_WORK TO BE COMPLETED_
Please give, word for word, the line containing "4D 炭酸配方 抗菌【蘑菇生活家電】" and every line that comes after it in the data below.

[Dataset excerpts]
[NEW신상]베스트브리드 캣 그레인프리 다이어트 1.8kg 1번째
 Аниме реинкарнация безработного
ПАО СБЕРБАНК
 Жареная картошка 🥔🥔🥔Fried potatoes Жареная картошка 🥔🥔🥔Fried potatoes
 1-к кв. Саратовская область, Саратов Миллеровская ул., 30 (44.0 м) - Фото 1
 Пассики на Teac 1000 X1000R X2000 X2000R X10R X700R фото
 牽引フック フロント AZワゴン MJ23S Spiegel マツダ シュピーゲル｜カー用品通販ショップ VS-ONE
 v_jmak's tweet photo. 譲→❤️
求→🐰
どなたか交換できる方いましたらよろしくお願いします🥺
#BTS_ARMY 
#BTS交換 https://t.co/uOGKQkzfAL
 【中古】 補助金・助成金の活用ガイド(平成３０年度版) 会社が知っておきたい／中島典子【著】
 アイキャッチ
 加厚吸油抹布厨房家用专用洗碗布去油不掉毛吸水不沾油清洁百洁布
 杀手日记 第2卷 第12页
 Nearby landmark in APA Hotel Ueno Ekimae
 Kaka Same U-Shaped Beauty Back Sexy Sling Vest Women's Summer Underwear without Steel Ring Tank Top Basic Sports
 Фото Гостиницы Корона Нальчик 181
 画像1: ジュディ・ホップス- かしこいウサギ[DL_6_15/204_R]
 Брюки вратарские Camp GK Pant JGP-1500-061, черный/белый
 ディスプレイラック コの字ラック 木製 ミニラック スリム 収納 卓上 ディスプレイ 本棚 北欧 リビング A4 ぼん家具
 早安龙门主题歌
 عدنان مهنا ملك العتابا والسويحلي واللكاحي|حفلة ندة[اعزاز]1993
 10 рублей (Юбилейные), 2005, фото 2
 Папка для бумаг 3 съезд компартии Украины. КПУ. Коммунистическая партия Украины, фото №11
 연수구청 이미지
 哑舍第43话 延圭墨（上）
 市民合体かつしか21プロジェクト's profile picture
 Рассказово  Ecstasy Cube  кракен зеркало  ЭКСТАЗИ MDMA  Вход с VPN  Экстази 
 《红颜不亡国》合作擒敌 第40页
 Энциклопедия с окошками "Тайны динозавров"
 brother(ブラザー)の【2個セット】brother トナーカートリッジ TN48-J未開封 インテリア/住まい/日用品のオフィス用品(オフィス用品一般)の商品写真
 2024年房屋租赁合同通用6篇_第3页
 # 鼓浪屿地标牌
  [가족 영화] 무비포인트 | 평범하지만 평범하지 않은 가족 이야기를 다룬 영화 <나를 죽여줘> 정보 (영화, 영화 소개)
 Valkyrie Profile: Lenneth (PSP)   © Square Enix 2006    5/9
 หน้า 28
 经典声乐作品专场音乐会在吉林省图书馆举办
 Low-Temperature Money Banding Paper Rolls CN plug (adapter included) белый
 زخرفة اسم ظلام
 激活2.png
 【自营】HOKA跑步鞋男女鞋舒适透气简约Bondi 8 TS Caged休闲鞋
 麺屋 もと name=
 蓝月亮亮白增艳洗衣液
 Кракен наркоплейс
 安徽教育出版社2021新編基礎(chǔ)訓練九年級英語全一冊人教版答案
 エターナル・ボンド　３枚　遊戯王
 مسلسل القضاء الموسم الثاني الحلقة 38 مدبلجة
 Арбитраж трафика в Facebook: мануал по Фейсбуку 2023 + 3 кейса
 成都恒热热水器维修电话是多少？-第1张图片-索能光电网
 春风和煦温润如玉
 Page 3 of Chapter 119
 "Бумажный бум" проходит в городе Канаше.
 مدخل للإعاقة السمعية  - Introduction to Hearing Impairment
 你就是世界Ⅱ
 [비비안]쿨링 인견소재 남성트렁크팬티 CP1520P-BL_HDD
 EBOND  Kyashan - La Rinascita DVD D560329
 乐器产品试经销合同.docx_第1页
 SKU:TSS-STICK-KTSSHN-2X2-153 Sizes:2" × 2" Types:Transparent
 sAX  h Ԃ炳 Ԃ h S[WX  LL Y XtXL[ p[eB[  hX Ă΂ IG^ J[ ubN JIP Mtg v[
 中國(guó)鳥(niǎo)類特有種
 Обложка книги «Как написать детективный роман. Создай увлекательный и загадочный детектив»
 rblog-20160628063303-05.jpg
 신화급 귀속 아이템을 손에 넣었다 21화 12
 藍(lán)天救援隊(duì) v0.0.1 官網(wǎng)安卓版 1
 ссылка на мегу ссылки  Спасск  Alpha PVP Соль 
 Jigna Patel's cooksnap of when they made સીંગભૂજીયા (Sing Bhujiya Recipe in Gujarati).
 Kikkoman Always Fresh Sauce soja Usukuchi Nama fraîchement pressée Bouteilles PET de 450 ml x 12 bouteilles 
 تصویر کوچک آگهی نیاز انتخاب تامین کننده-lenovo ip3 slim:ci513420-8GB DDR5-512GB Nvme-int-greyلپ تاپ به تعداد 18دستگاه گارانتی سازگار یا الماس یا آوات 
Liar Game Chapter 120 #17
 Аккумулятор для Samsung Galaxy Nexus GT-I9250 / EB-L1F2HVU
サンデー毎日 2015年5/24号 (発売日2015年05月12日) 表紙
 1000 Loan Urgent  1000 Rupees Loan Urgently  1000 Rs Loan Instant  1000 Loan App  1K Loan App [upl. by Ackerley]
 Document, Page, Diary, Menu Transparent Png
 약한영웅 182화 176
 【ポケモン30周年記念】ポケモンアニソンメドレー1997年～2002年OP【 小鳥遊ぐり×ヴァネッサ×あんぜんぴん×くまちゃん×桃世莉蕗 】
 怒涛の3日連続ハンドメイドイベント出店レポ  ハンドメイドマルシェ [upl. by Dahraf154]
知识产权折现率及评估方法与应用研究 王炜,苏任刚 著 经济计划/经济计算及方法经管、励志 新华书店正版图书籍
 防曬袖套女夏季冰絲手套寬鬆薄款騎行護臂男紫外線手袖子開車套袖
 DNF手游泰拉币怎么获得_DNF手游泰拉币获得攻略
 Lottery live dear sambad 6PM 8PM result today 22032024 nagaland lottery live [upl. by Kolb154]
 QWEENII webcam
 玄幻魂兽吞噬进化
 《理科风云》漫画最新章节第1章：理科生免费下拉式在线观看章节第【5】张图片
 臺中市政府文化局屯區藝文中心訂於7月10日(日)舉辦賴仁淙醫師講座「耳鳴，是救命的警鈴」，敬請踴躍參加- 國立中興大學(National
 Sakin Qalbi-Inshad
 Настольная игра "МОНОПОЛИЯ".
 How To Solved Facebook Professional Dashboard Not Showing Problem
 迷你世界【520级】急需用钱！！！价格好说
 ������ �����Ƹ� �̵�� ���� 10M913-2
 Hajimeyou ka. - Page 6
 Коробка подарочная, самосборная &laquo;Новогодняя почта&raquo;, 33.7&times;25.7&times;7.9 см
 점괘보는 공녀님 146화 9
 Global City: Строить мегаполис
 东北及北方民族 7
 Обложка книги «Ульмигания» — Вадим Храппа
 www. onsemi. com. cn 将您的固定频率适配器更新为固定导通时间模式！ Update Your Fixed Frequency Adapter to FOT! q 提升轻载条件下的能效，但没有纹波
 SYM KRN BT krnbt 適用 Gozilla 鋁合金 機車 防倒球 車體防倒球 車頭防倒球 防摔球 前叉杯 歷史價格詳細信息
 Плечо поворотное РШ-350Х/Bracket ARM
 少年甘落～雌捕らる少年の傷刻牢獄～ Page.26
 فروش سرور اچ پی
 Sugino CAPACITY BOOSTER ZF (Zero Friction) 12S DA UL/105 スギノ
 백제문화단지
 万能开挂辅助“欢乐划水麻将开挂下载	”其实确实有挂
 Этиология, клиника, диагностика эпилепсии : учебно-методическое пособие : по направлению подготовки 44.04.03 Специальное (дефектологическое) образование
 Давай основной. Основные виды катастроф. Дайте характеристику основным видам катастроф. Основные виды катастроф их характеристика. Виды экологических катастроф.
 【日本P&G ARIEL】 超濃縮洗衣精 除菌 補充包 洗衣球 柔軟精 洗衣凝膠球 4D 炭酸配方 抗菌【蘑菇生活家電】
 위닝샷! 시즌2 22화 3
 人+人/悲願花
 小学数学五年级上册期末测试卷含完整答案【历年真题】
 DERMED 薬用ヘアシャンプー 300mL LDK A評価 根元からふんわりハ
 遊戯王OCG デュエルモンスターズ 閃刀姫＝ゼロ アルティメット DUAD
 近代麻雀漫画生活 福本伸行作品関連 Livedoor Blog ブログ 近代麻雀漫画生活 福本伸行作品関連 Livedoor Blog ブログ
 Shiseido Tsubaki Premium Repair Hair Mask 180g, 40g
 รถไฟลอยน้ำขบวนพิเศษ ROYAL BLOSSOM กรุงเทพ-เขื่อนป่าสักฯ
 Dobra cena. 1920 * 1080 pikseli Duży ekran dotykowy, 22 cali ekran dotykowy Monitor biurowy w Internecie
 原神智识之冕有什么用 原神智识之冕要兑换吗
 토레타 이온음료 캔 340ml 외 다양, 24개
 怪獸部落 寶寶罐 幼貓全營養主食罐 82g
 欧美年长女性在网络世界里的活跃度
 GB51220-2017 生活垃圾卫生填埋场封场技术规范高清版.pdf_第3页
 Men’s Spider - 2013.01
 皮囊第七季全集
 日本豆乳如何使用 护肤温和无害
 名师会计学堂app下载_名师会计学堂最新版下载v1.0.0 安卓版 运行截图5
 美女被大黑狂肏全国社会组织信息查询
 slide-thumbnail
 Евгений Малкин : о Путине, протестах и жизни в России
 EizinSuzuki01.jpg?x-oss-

_SOLUTION_
 【日本P&G ARIEL】 超濃縮洗衣精 除菌 補充包 洗衣球 柔軟精 洗衣凝膠球 4D 炭酸配方 抗菌【蘑菇生活家電】
 위닝샷! 시즌2 22화 3
 人+人/悲願花
 小学数学五年级上册期末测试卷含完整答案【历年真题】
 DERMED 薬用ヘアシャンプー 300mL LDK A評価 根元からふんわりハ
 遊戯王OCG デュエルモンスターズ 閃刀姫＝ゼロ アルティメット DUAD
 近代麻雀漫画生活 福本伸行作品関連 Livedoor Blog ブログ 近代麻雀漫画生活 福本伸行作品関連 Livedoor Blog ブログ
 Shiseido Tsubaki Premium Repair Hair Mask 180g, 40g
 รถไฟลอยน้ำขบวนพิเศษ ROYAL BLOSSOM กรุงเทพ-เขื่อนป่าสักฯ
 Dobra cena. 1920 * 1080 pikseli Duży ekran dotykowy, 22 cali ekran dotykowy Monitor biurowy w Internecie
 原神智识之冕有什么用 原神智识之冕要兑换吗
 토레타 이온음료 캔 340ml 외 다양, 24개
 怪獸部落 寶寶罐 幼貓全營養主食罐 82g
 欧美年长女性在网络世界里的活跃度
 GB51220-2017 生活垃圾卫生填埋场封场技术规范高清版.pdf_第3页
 Men’s Spider - 2013.01
 皮囊第七季全集
 日本豆乳如何使用 护肤温和无害
 名师会计学堂app下载_名师会计学堂最新版下载v1.0.0 安卓版 运行截图5
 美女被大黑狂肏全国社会组织信息查询
 slide-thumbnail
 Евгений Малкин : о Путине, протестах и жизни в России
 EizinSuzuki01.jpg?x-oss-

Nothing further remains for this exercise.